With apologies to Pastor Niemoeller:
First they came for the banksters, and showered them with money and put them in the Administration in a way that was not change we could believe in.
Then they came for the military industrial complex, and sent more and more of our children to die in faraway lands that had never attacked us in a way that was not change we could believe in.
And now they've sold out our hope for a national health care system not run by millionaire gangsters in suits. And who is left to speak for us?
President Obama is playing the Bill Clinton game of throwing people a bone and telling them it's steak. Perhaps he's doing it because he thinks it's his only choice; perhaps it's because he's surrounded himself with Bill Clinton advisors (and Hillary as Secretary of State); whatever the reason, while it worked for Clinton, it won't work for Obama.
It worked for Reagan, and for the first Bush, and even worked somewhat for George W. Bush.
But it won't work anymore. Here's why.
From 1929 until the 1980s, most Americans were "high information voters." They were paying attention to politics. The Republican Great Depression of 1929-1938, World War II, the Korean War, Kennedy's election, and the War in Vietnam were all Big Events that caused Americans to pay attention. Americans of that era needed to know what was up in Washington, DC, because they felt the consequences directly.
This is why in November of 1954, Republican President Dwight D. Eisenhower wrote a letter to his John Bircher brother Edgar, "Should any political party attempt to abolish social security, unemployment insurance, and eliminate labor laws and farm programs, you would not hear of that party again in our political history. There is a tiny splinter group, of course, that believes you can do these things. Among them are H. L. Hunt (you possibly know his background), a few other Texas oil millionaires, and an occasional politician or business man from other areas. Their number is negligible and they are stupid."
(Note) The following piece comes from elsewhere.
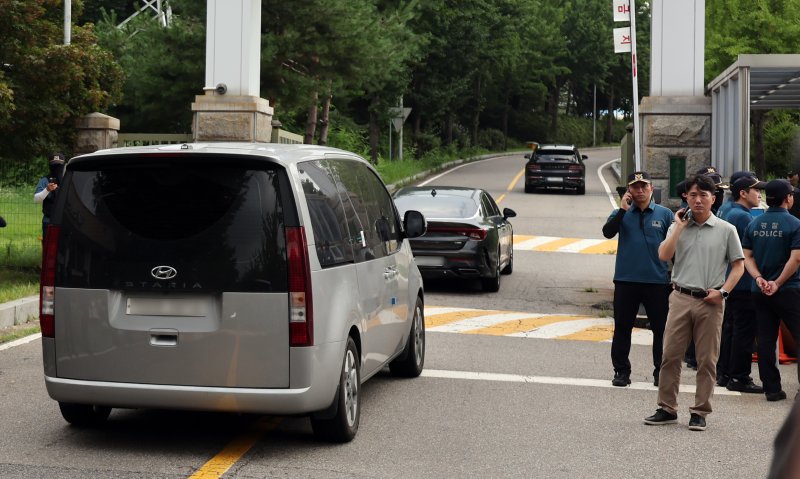 김건희 특검, 2차 체포 시도도 불발…"尹 완강한 거부"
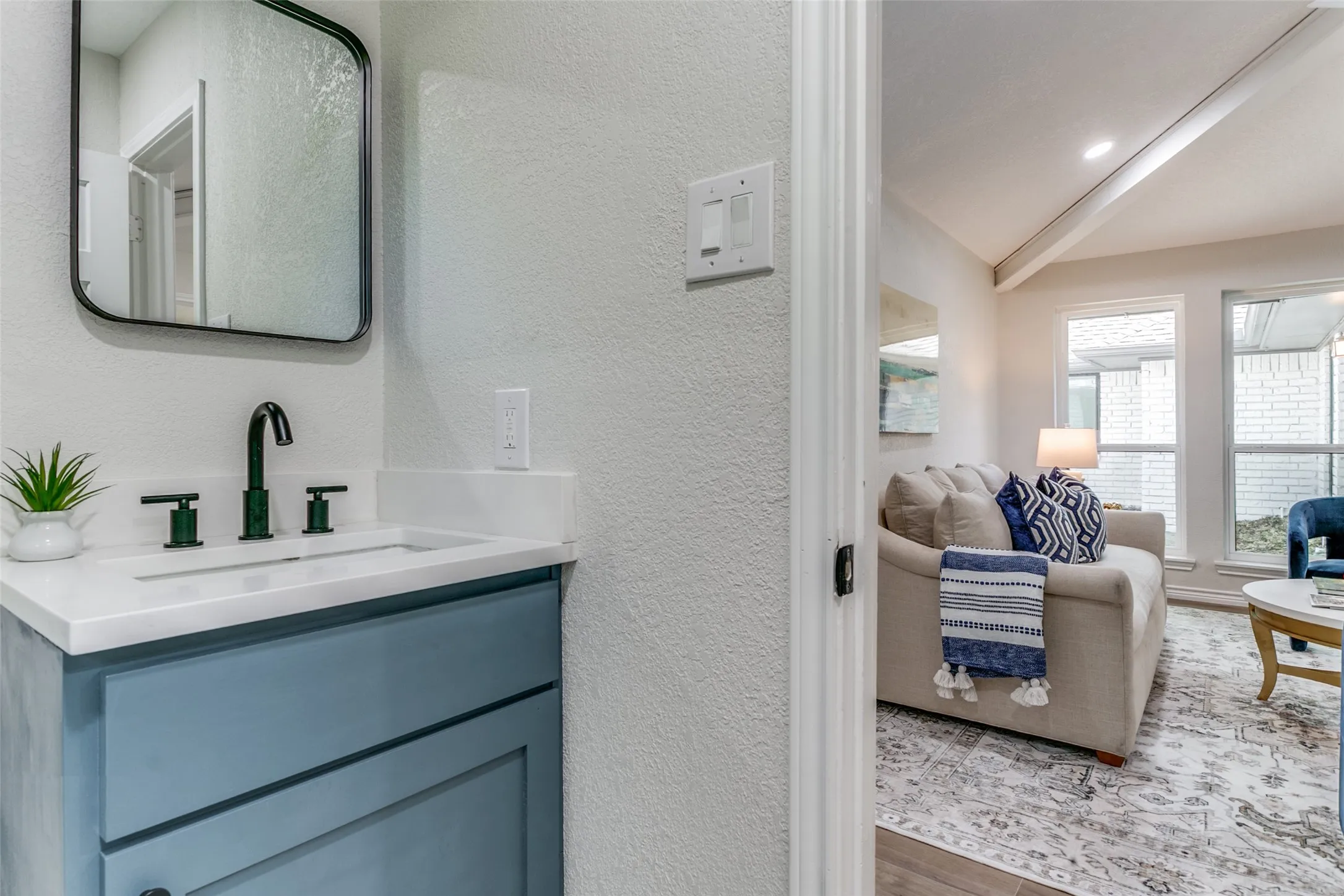 Single Family Residence For Rent in Collin County , 17402 Oakington Court, Dallas, Texas 75252, 5 Bedroom, 4 Bathroom, Garage spaces, 2,775 Sqft, built in 1983, Preowned, mls#21252916, Real Estate Agent in Dallas, Homes For Rent in Collin county, Homes For Rent in Dallas, Realtor in Dallas Texas, Real Estate Brokerage Independent Realty Texas, Luminita Cordes Realtor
The voters knew. Even as late as 1977, when George W. Bush ran for Congress from Texas on a nearly singular platform of privatizing Social Security, he lost badly. The voters knew.
Then came Reagan. He seemed so nice. He talked friendly. At the very minute - to the second - that he put his hand on the bible to be sworn in, those nasty Iranians let go the hostages they'd been holding (a kidnapping that had so humiliated the Carter administration that Carter lost the election).
America was once again a "shining city on the hill" and even though there were a few small invasions, Panama and Grenada and all, and a small recession, and a few S&L bank failures, mostly people lost interest in politics. TV was going big, home entertainment was huge, blockbuster movies were coming onto the big screen, and America was prosperous. Americans partied on cheap debt. We went to sleep. It was the beginning of the era of the "low information voter."
During the 1980s, the right wing was working hard. Reagan stopped enforcing the Sherman Anti-Trust Act, and most of the media Americans consumed was consolidated in the hands of about a dozen very conservative-leaning corporations. Top tax rates were cut from over 70 percent to around 30 percent, so salaries at the top exploded, including those of the stars on TV...including the "news" stars.
The newly-rich TV news people began to hang out with the becoming-fabulously-rich business people, never again criticizing them because they now worked and played together and were members of the same clubs and their kids went to the same best schools. Lifestyles Of The Rich And Famous became our new religion, "greed is good" our new mantra.
Conservatives began a war on textbooks, stripping from them references to the labor movement, so that anybody who went to middle school or high school during or after the mid-1980s can't today tell you why phrases like "Pullman Porter" or "Haymarket Square" or "Great Flint Sit Down" have any meaning.